Y no me refiero, no, al alumno ese que ya desde la primera hora del primer día de clase de la primera semana ha decidido hacerse notar y destacar: poca gana de trabajo, mucha de dejar claro ahíestoyyo. Y tampoco me refiero a ese otro, unas horas después, lleno de desidia y menos gana que el anterior, al que le ha faltado tiempo para quitarle el bolígrafo a la compañera de delante. Mucha gana, pues de llamar la atención de la alumna (y esta, tonta, cayendo en sus redes de araña como débil mosca alucinada...).
No me refiero a estos alumnos, que casi han empezado el curso como lo dejaron -o peor: más aburridos y desganados, poco confiados en un sistema que les impide, tal vez, hacer lo que realmente desean. Es fácil hablar de ellos, bien porque con frecuencia su comportamiento impide al resto ejercer su santo derecho a ser educados en ser mejores personas, bien porque a veces la Administración decide dejar de lado a los que sí quieren para volcar vanos esfuerzos en quien no lo pretende...

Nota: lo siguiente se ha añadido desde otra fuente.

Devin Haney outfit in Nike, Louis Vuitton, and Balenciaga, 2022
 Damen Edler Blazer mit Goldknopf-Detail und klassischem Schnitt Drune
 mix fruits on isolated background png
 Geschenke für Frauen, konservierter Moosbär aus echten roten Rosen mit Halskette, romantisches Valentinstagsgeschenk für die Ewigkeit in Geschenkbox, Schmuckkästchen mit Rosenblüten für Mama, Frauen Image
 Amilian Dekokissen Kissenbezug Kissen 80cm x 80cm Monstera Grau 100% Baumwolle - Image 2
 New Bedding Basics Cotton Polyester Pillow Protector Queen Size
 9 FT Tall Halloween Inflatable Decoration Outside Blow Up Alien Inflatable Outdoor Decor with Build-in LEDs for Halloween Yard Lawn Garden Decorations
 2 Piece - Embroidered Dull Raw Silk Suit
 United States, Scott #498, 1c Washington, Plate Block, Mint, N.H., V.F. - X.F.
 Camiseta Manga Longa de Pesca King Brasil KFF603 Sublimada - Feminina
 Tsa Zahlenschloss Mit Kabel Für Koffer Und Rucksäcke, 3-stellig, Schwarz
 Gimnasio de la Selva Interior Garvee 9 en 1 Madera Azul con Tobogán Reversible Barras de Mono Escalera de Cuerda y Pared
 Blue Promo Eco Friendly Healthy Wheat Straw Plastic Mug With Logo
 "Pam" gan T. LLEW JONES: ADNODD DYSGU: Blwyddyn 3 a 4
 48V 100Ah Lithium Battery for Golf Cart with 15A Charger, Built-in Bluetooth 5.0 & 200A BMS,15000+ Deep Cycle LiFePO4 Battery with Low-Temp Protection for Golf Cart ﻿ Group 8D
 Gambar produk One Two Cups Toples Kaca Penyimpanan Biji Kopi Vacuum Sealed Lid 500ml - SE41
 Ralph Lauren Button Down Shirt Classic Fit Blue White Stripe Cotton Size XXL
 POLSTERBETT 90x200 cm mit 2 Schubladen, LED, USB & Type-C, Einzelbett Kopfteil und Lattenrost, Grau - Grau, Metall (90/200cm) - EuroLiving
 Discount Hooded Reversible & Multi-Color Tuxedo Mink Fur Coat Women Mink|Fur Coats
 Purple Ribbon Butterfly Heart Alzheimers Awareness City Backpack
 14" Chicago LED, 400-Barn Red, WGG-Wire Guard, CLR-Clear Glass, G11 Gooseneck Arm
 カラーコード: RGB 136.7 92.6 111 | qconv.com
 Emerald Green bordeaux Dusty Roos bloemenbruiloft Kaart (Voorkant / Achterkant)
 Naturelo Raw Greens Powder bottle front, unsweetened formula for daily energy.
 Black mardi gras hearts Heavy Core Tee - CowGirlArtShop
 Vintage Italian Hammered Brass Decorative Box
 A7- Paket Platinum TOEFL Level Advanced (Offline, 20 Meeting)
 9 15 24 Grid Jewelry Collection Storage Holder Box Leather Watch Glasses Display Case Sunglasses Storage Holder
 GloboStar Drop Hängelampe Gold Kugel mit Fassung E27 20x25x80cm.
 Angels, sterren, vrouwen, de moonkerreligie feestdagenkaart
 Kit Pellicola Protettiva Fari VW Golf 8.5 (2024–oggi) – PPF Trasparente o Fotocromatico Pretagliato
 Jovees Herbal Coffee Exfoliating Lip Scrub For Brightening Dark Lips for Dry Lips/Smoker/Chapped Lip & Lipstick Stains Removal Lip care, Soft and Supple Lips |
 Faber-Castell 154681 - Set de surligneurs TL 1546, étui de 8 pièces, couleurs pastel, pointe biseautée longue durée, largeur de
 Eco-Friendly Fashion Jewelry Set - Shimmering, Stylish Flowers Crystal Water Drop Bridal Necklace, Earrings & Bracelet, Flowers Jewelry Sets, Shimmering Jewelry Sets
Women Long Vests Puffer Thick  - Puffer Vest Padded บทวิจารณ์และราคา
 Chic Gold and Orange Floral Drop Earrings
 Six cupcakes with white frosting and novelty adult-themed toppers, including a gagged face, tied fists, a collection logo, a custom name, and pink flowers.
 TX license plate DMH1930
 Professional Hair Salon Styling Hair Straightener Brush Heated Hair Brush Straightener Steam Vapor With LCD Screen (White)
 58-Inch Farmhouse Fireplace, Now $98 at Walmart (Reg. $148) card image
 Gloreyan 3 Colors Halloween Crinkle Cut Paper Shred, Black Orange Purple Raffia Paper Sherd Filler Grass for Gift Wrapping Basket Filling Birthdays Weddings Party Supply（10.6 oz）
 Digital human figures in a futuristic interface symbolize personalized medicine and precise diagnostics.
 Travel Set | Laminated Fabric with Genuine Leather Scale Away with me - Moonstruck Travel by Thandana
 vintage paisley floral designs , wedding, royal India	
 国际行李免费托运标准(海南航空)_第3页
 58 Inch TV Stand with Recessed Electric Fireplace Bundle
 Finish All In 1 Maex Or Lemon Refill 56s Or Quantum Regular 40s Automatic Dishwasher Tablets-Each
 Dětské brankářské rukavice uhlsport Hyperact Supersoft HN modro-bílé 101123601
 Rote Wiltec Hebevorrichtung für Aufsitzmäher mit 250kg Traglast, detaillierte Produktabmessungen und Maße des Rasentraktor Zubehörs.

No. Hoy me refiero a esa alumna del fondo, la que estaba al lado de la puerta, esa, discreta, callada, todo ojos y curiosidad. Algunos alumnos lo llevan escrito en la cara, sí, y esta alumna -a la que no conocía hasta hoy- tenía marcado en los poros de su piel que quiere aprender. Y, además, me ha dicho, sorprendida ante mi pregunta, que sí, que le gustaba leer. Claro, elemental, obvio y limpio como agua cristalina: ¿cómo a esta alumna no le iba a gustar leer?